それに対応するのが保守であり、これはとても大切な仕事だ。例えば医者というのは人間をターゲットとした保守要員といえる。彼らはとても尊敬され、頼られ、信頼されている。保守とは医なのだ。もっと保守の重要性がクローズアップされてもいいのではないだろうか?
■未来志向とは老いを見つめること
未来志向というのは、新しいものを追い求めることだけを指すわけではない。5年後、10年後にどんなものが生まれるかだけを考えるのは片手落ちというものだ。5年後、10年後に我々自身がどうなっているか、今われわれが使っているものはどうなっているのかという点に付いても思いを致さなければならない。
未来が現在の上に構築されるものである以上、現在をないがしろにする者に未来が微笑みかけることはない。
■老いた保守エキスパートへのリスペクト
今年の始めだったか、TVで古いカメラの修理を50年以上続けている修理専門店が紹介されていた。もちろん、古いカメラの部品など、すでに新品は手に入らない。同じタイプのカメラから持って来たり、なければ自作したりもしているらしい。

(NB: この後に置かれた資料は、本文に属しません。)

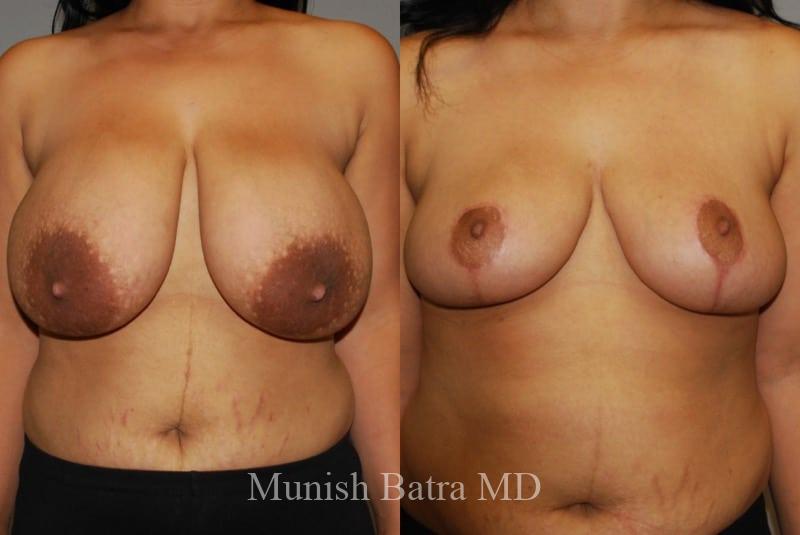 Before and After Image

これはなんというか、わたしが描く理想的なエンジニア像の典型的なパターンだ。テクノロジー的にいえば、ローテクなのかも知れない。しかし、わたしにはその老いたカメラ修理のエキスパートが、サイバーパンクの世界に生きる典型的なエンジニアに見えてしまう。
■BJによろしく
AIBOの修理サポートが保守サービスが終わり、『愛犬の介護』問題がネット上で話題になっている。一方で、今後の市場拡大が見込まれるロボットなどの製造関連の起業を期待して、政府が起業家に対して最長2年、年間650万円の生活支援を行うというニュースも流れている。
わたしとしては、この制度を使って「医」を志向するエンジニアが旗を揚げることを期待したい。